Stack removal fails
Hey,
we have been using cdk-eks-karpenter for a while now and we have been experiencing issues with the removal of stacks where karpenter has been installed using this package. Basically CloudFormation triggers the delete on the CustomResource which installed the yaml file into the cluster that then fails / times out. In the EKS console all the nodes have already been removed and the cluster is pretty much only still existing on paper (but I cannot connect with kubectl to it anymore).
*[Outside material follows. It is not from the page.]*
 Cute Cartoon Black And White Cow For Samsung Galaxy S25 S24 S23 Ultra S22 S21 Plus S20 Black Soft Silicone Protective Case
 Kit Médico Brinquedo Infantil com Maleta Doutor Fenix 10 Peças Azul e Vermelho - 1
Eventually the CustomResource times out after 1h and CloudFormation fails.
We have produced this sort of minimal example where the error still occurs and where we do nothing more than just creating a cluster within our pre-created VPC and then install karpenter using this package.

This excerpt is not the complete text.